Not too long ago HIV was hush-hush and considered a death sentence for those who had contracted it. Luckily that is no longer the case and there are anti-retro-viral drugs for those with the virus. However, it is not a cure and those with HIV still live with this chronic condition, taking daily medications. Could new research bring us closer to a cure for HIV?
Roughly 36.7 million people were living with HIV/AIDS at the end of 2016, 2.1 million of these are children under the age of 15. Human immunodeficiency virus (HIV) and acquired immunodeficiency syndrome (AIDS) come hand in hand. AIDS is the most advanced stage of the HIV infection. HIV attacks infection-fighting white blood cells of the immune system, gradually destroying the immune system and was first recognised in the 1980’s. By 1995 there was an anti-retro-viral (ARV) treatment. There are now numerous classes of ARV treatment, each targeting the virus at various stages of its life. ARVs manage HIV but do not cure it, enabling those who have contracted the virus to now live relatively long, healthy lives by taking combinations of these drugs. ARV’s work to prevent two main virus pathways:
- Cell fusion: Preventing the virus from entering human cells.
- Reverse transcription: Preventing the virus from copying its RNA into our DNA, blocking the virus from integrating with human cells or making copies of itself.
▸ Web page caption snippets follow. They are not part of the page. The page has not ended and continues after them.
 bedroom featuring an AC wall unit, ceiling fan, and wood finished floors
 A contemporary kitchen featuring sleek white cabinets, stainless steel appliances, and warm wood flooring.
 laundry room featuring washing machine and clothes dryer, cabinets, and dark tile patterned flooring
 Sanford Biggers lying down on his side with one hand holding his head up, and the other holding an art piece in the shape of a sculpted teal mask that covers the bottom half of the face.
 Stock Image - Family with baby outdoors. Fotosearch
ARVs are not easy to take. They are taken in combination, meaning numerous pills which must be taken every day. The pills have low absorption meaning that they must be very large to ensure more of the drug is absorbed into the bloodstream. Due to this, patients sometimes take ‘drug holidays’ as they have fatigue from the constant regime, allowing the virus to rebound.
Wouldn’t it be great for patients to not have to take these everyday and instead have a cure for this chronic disease? ARVs suppress HIV, they do not destroy it. Researchers are now investigating the use of gene editing tools like CRISPR (follow the link for a more detailed previous post about CRISPR) to cure HIV; destroying the virus. In theory, the CRISPR procedure is very simple and already proven to work in mice. The technique cuts out HIV DNA from the cells it has infiltrated, replacing it with the correct sequence, eliminating HIV from the infected mouse. The method should easily transfer to humans. However, HIV plays a game of hide and seek, laying undeveloped in unlikely immune cells. CRISPR gene editing could be used to remove HIV DNA from the cells we know about but if left in other immune cells we are currently unaware of, we’d be back at square one: the patient would still have HIV.
There is also the risk of turning on a cancer causing gene or turning off a tumour suppressing gene if all the immune cells were edited in this way. What if we could edit our immune cells so HIV could not enter them?
One person is known to have been cured of HIV. Timothy Ray Brown (aka the Berlin patient) was diagnosed with HIV in 1995. He had a bone marrow transplant in 2006 when his immune cells were killed off from chemotherapy used to treat his leukaemia. The bone marrow donor had a rare type of stem cell with a mutation which removed a receptor on the immune cells, preventing HIV from entering them. Timothy was cured of HIV. Rafick-Pierre Sekaly, who researches at Case Western Reserve University in Cleveland, hopes to replicate this with DNA editing tools, inserting the DNA sequence into a patient’s sequence, removing the receptor from immune cells.
The procedure itself is minimally invasive. White blood cells are collected from a patient over 3-4 hours, the cells are edited in the lab, grown for 12 days and then the HIV resistant cells are given back to the patient. These resistant cells can then replicate in the body and actively fight the virus. Researchers found that the body was able to replicate these immune cells so that 70% had been replaced by HIV resistant ones over the course of 2-3 years. The HIV infected cells eventually die and they cannot infect the resistant ones. Over the last 5 years, 77 patients have received this treatment which is administered via a couple of injections over the course of a few years.
Thus far there have been no adverse side-effects reported and none like those experienced by those who take ARVs. There are more trials underway for this treatment and Sekaly is confident that this could lead to a cure for HIV. However, price of the treatment is currently hitting $25,000 per patient, much more than it costs to take ARVs. It is likely this cost would come down once on the general market but it is still not a treatment that will be accessible to those suffering in sub-Saharan Africa. This cellular therapy is a big step for the treatment of those living with HIV however, much more is needed to help those in underdeveloped countries.